GOOD PRACTICE GUIDE The twittering of governance

A year ago the Cultural Governance Alliance (CGA) was set up by the Clore Leadership Programme, with partners such as UK Theatre, Cause 4 and Association of Independent Museums, writes Simon Tait.

Its purpose was to confront a nagging problem that had been growing in urgency: boards and how they work with the management of their arts organisations. Were boards engaging with long term agendas? Were there balanced creative and strategic dialogues? Was board members’ expertise being usefully harnessed to the increasingly vital activity of fundraising? Are trustees properly informed about the organisations they are championing? And are risk and responsible management being properly balanced?

Last week the CGA’s now hundreds of members gathered for its first annual conference, Governance Now. What has changed?

In a word, Twitter, says the Clore’s CEO Hilary Carty (main image); more broadly, the constant change and the necessity to be able to respond quickly. All those issues are being tackled, she says, thanks to a more fluid dialogue within organisations and between different companies, and the speed of smart phone communication - “Awareness of the power of social media has heightened, and organisations are having to address that” Carty says.

“It can be something that starts with an innocent looking tweet you wouldn’t raise an eyebrow at, but it snowballs and you are expected to react very very promptly and have all the answers” she goes on. “So there’s a need to have really good communications across an organisation, a need to have a united perspective in dealing with challenges, and knowing where the responsibility lies. And have a strategy.”

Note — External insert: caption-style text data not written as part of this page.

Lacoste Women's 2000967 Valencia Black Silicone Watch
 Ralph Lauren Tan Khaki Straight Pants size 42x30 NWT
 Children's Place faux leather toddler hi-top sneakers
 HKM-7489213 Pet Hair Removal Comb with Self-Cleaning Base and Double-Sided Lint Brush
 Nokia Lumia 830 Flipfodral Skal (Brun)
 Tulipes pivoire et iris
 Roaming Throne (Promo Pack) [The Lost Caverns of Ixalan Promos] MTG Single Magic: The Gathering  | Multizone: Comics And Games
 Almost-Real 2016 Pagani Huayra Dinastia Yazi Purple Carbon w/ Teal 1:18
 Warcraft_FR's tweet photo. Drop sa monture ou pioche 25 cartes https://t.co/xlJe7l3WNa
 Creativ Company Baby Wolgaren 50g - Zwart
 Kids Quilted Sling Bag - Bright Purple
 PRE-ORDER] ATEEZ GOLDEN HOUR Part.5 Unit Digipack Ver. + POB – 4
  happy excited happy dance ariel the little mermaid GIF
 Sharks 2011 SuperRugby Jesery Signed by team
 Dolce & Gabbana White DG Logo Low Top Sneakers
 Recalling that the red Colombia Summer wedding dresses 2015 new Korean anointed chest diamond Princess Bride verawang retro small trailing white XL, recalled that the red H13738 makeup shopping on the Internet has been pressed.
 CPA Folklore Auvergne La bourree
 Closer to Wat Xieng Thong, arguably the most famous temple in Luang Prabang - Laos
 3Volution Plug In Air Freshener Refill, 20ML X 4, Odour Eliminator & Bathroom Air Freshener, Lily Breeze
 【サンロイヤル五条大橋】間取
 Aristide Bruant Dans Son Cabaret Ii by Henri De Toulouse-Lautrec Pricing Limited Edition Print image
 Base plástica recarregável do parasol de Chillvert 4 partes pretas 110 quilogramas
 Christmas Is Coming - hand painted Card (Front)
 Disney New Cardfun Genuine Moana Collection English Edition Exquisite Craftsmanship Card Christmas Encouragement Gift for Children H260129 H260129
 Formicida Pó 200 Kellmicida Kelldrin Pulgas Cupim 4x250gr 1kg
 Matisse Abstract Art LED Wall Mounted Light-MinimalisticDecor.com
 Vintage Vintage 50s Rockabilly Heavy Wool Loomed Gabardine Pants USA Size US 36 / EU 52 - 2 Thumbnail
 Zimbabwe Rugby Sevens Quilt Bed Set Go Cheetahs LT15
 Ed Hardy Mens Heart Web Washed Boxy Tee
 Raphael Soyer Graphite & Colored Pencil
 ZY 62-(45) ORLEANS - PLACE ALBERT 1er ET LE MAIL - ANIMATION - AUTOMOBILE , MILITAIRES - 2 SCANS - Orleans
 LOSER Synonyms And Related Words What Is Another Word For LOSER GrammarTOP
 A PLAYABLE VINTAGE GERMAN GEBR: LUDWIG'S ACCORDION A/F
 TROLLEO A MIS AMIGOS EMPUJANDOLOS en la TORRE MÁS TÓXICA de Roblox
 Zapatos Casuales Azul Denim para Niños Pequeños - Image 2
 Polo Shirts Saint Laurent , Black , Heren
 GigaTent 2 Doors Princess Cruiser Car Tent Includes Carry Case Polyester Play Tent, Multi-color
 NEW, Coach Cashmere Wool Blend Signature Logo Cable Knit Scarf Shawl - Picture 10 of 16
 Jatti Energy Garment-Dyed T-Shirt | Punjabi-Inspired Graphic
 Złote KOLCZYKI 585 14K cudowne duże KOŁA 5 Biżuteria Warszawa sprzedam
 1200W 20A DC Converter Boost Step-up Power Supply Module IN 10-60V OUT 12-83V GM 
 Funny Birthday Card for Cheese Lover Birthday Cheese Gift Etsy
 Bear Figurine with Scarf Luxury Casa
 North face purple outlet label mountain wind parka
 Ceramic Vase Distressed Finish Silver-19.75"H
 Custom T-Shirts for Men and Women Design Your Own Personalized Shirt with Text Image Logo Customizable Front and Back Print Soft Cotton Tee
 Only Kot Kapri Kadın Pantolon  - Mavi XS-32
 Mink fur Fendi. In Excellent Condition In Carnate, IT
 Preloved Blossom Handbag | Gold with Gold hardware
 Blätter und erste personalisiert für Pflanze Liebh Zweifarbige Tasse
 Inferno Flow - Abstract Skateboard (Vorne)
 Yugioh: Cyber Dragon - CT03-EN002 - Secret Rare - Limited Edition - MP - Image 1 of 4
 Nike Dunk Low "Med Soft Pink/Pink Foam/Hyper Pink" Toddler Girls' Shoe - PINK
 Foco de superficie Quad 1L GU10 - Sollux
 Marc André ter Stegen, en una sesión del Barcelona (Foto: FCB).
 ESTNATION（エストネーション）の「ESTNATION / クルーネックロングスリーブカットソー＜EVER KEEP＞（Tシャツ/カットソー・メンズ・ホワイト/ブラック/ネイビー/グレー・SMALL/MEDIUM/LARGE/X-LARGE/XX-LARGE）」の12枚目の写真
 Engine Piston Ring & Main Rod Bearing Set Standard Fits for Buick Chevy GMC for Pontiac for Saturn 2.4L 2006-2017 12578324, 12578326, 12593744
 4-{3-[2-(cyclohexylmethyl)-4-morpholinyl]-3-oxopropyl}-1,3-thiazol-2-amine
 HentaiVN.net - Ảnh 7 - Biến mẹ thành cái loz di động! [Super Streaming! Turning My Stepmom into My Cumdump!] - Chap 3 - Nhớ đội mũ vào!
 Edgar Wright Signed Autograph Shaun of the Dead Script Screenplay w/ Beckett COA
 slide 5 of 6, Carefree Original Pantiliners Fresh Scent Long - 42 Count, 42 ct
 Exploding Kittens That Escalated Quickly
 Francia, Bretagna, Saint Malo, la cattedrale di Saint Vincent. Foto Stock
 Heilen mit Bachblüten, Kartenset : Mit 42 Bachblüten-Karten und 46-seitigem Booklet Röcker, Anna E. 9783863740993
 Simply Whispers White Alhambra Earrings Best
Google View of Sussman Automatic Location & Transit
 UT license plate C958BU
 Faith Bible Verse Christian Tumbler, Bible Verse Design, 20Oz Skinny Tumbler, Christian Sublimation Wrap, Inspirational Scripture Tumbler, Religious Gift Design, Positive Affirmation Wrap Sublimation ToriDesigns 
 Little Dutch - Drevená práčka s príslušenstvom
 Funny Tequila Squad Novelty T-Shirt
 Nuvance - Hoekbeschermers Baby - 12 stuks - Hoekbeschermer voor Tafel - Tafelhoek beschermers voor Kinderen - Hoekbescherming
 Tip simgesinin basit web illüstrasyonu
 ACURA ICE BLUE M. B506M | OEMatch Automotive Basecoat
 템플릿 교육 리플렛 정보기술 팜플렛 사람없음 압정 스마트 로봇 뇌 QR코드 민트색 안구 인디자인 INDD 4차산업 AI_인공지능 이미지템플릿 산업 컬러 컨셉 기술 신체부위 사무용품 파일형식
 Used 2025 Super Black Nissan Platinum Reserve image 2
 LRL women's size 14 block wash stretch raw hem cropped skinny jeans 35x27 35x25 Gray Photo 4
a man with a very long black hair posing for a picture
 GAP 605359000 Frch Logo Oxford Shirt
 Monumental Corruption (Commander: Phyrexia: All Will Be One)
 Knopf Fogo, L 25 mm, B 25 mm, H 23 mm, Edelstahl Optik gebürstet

Strategy is the job of the board, but as was made clear a year ago that strategy only works of the CEO and their team are working to it as well. The challenge then was that boards were often not working in harmony with management, and the issues of selection (of trustees), training (or existing knowledge of the work of the organisation) and commitment were hindering operations, and much of that is being resolved just by the opening of communication, between boards and CEOs but also between organisations.

Now, Carty says, there are thousands of tweeters exchanging notes on CGA issues and solving problems together.

And the only too visible elephant in the room is Brexit, especially for organisations with international connections for which that particular uncertainty can be “really debilitating”, she says. “You can strategise for plans A & B, but when you’re on plans K and M it gets really difficult - finding ways to hold your nerve, remember what your ambitions are, keep connecting with your partners nationally and internationally, and build alliances. That’s what cultural organisations are having to do in order to deal with things we can’t actually control but we do have to respond to”.

The relationship that is the most vital is the one between chair and chief executive, or artistic director. A key note speech last week came from a CEO who is also a chair, Moira Sinclair (above). As well us running the Paul Hamlyn Foundation, she chairs the Clore Leadership Programme, a role she has taken on since last year’s inaugural CGA meeting, so she is uniquely able to give advice.

Chairs that work well understand the value of their CEO and enable them “to be their best selves”, she said. They should be talking from the same script in terms of values and mission – “when things go wrong, it’s because there can be a profound mismatch with what both parties think they are there to do and crucially how they think they are going to do things”. She lines chairs who “work hard to create a culture of openness, transparency and enquiry; who don’t create cabals; who make sure voices around the table are heard, but don’t allow grandstanding; and understand that a diversity of experience and viewpoint makes for richer, better governance” she said. “It’s easy to say that this balance is all about communication”.

So she gave more than her experience, she added a 12 point guidance, aimed at both CEOs and chairs.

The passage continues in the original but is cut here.